#About OpenClaw maintenance agent

Hey Krill, I'm planning to set up a specialized ACP agent for openclaw infra ops — basically an autonomous agent that handles issue resolving in the openclaw directory, similar to what you do day-to-day. Before I build it out, I have a few questions across different areas. Could you answer in markdown code blocks so I can drop them straight into my notes?

Deployment & Environment

1. Should I run the ACP agent against a forked openclaw repo (PR-based workflow), or directly inside the running openclaw directory (immediate effect)? What's your recommended setup?

2. For reference docs — should the agent fetch them live from https://docs.openclaw.ai/llms.txt each session, or store a local copy? Any preference on freshness vs reliability tradeoff?

Permissions & Safety

3. What permissionMode do you recommend? approve-all for full autonomy, or something scoped down like approve-reads with specific write paths?

4. What guardrails should be in place for destructive operations — things like git reset --hard, service restarts, or direct openclaw.json modifications?
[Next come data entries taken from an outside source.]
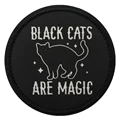 22 black cat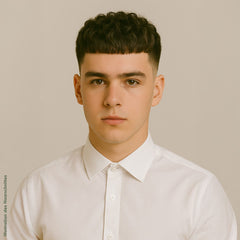 Edgar - der Trendhaarschnitt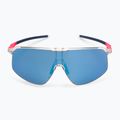 Okulary przeciwsłoneczne Julbo Density Spectron cristal/pink fluo/blue/multilayer blue 3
What's the acceptable blast radius?

5. If running inside the live directory, how do you handle mutation risk — i.e., the agent's changes breaking the currently running instance? Hot-reload, staged restart, or something else?

Workflow & Scope

6. How should the agent receive issues? Discord thread binding, GitHub Issues webhook, manual dispatch via sessions_spawn, or some other trigger?

7. Should it commit fixes directly to the running branch, or work on feature branches and create PRs for human review?

8. What's the scope boundary — config changes only? Code patches? Dependency upgrades? At what point should it escalate to a human?

Context & Memory

9. Does the agent need access to openclaw's memory system (past issues, resolutions, known gotchas), or should it start fresh each session?

10. Should it be aware of changelog / release notes (e.g., v2026.4.11 changes) to distinguish new behavior from regressions?

SSH & Remote Execution

11. For running the ACP harness over SSH — any known issues with file I/O, the non-interactive constraint, or SSH session stability (latency, dropped connections)?

Thanks!

## Recommended setup for an OpenClaw infra-ops ACP agent

### 1) Repo target: fork/PR workflow, or live running directory?

**My recommendation:** neither as the default. Use a **separate local clone or git worktree** of the same repo, on a **feature branch per issue**.

- **Best default**
  - Keep the running OpenClaw checkout clean/stable.
  - Let the ACP agent work in a sibling worktree/clone.
  - Validate there, then promote the change with a human-reviewed merge/deploy.
- **Forks**
  - Good if you want GitHub-native PR review, cross-machine collaboration, or clear separation from upstream.
  - Not required if this is internal infra work on one host.
- **Live running directory**
  - Only for narrow, reversible ops changes.

  - I would **not** make this the default for a mutation-capable autonomous agent.

**Short version:** use a **worktree**, not the live tree.

---

### 2) Docs source: live `llms.txt` every session, or local copy?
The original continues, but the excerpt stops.